Closed micheldumontier closed 1 year ago
@micheldumontier While investigating this issue I came across a weird entry in the Bioregistry database.
When executing the following query with HeFQUIN ...
PREFIX rdfs: <http://www.w3.org/2000/01/rdf-schema#>
PREFIX owl: <http://www.w3.org/2002/07/owl#>
SELECT * WHERE {
SERVICE <https://bioregistry.io/sparql> {
<http://identifiers.org/ensembl/ENSG00000006125> owl:sameAs ?o
}
}
... HeFQUIN throws the following exception.

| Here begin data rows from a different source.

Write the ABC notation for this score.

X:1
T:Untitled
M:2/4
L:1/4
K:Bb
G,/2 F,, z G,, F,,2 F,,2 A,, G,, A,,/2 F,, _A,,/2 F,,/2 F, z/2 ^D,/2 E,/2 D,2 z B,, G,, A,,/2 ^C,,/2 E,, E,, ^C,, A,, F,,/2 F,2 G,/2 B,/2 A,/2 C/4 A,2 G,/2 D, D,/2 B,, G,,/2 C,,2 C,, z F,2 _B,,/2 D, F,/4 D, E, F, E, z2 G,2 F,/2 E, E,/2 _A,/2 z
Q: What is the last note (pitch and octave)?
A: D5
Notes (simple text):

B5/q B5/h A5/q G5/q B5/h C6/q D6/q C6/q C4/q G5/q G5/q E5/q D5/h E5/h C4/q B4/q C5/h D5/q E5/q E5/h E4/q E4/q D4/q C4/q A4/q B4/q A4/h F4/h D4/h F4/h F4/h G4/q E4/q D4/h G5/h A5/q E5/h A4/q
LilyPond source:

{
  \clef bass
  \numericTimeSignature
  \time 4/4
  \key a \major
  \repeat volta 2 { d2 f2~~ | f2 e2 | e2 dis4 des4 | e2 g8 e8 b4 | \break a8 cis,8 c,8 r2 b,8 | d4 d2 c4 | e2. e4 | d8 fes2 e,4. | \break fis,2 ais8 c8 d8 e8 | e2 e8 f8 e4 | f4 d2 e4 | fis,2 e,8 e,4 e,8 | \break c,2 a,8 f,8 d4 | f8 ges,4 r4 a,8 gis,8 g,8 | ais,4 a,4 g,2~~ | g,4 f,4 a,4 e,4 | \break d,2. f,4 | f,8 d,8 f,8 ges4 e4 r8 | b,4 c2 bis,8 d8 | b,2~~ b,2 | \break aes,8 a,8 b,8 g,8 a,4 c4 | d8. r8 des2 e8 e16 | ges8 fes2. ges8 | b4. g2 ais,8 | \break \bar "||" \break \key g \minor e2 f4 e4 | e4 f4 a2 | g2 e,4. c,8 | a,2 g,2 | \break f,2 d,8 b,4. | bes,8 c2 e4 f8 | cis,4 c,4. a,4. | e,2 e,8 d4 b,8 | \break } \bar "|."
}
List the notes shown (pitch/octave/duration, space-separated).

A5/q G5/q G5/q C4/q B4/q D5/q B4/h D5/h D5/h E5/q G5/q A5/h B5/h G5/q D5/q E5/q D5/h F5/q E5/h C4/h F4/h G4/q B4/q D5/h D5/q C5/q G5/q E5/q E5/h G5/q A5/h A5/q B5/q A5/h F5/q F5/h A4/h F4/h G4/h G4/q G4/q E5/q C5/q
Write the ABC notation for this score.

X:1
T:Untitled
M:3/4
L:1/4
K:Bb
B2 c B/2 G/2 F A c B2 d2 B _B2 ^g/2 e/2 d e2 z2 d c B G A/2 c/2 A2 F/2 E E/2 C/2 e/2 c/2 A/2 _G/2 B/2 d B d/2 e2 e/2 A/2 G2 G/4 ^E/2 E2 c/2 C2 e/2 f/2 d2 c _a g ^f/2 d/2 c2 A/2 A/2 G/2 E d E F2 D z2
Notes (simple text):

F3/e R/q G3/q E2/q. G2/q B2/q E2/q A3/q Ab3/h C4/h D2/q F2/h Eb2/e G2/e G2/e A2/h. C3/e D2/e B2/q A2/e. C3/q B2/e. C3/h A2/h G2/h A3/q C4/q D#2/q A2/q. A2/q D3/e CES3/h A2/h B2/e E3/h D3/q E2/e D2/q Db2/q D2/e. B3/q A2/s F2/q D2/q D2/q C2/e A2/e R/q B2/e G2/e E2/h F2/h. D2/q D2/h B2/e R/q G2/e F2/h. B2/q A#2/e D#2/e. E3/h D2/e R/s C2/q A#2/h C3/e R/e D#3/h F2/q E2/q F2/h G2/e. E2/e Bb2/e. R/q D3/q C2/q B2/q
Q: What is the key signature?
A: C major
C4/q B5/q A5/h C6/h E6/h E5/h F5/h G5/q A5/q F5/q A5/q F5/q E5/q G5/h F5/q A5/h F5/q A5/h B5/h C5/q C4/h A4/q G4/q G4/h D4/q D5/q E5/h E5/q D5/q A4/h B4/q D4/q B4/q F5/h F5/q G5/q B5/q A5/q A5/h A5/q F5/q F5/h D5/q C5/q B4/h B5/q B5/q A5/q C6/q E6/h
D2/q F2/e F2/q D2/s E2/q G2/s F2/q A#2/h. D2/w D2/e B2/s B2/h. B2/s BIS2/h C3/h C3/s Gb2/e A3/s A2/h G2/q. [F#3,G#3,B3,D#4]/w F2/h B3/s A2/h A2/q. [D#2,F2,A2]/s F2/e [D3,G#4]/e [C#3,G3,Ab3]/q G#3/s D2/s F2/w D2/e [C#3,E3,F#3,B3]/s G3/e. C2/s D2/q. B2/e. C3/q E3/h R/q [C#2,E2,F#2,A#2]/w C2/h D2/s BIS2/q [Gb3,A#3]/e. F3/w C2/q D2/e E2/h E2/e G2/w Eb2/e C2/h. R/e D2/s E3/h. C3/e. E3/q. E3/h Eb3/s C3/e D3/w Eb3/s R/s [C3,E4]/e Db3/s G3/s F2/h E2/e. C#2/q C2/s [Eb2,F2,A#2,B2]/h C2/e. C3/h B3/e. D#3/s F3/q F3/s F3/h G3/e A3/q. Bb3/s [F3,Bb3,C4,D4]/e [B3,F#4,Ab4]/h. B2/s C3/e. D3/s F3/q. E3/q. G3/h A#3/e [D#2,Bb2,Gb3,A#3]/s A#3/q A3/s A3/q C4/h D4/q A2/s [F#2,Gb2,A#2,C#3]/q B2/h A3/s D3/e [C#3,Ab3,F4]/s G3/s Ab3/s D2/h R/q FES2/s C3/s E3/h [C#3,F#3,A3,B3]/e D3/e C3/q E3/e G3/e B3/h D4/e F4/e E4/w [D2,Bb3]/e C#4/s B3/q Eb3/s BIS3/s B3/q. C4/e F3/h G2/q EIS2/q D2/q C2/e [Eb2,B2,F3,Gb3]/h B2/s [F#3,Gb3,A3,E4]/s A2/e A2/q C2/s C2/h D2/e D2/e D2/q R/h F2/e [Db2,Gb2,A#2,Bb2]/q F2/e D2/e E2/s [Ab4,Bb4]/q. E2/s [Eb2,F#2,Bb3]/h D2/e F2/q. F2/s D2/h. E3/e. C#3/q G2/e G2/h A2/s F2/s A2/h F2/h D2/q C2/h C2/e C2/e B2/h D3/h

<http://bacteria.ensembl.org/[?species_name]/Gene/Summary?g=ENSG00000006125> Code: 0/ILLEGAL_CHARACTER in PATH: The character violates the grammar rules for URIs/IRIs.
org.apache.jena.irix.IRIException: <http://bacteria.ensembl.org/[?species_name]/Gene/Summary?g=ENSG00000006125> Code: 0/ILLEGAL_CHARACTER in PATH: The character violates the grammar rules for URIs/IRIs.
at org.apache.jena.irix.IRIProviderJenaIRI.exceptions(IRIProviderJenaIRI.java:256)
at org.apache.jena.irix.IRIProviderJenaIRI.newIRIxJena(IRIProviderJenaIRI.java:137)
at org.apache.jena.irix.IRIProviderJenaIRI.create(IRIProviderJenaIRI.java:145)
at org.apache.jena.irix.IRIx.create(IRIx.java:54)
at org.apache.jena.sparql.util.FmtUtils.abbrevByBase(FmtUtils.java:475)
at org.apache.jena.sparql.util.FmtUtils.stringForURI(FmtUtils.java:460)
at org.apache.jena.sparql.util.FmtUtils.stringForURI(FmtUtils.java:433)
at org.apache.jena.sparql.util.FmtUtils.stringForNode(FmtUtils.java:373)
at org.apache.jena.sparql.util.FmtUtils.stringForNode(FmtUtils.java:347)
at org.apache.jena.sparql.util.FmtUtils.stringForRDFNode(FmtUtils.java:185)
at org.apache.jena.riot.resultset.rw.ResultSetWriterText.getVarValueAsString(ResultSetWriterText.java:201)
at org.apache.jena.riot.resultset.rw.ResultSetWriterText.colWidths(ResultSetWriterText.java:99)
at org.apache.jena.riot.resultset.rw.ResultSetWriterText.output$(ResultSetWriterText.java:135)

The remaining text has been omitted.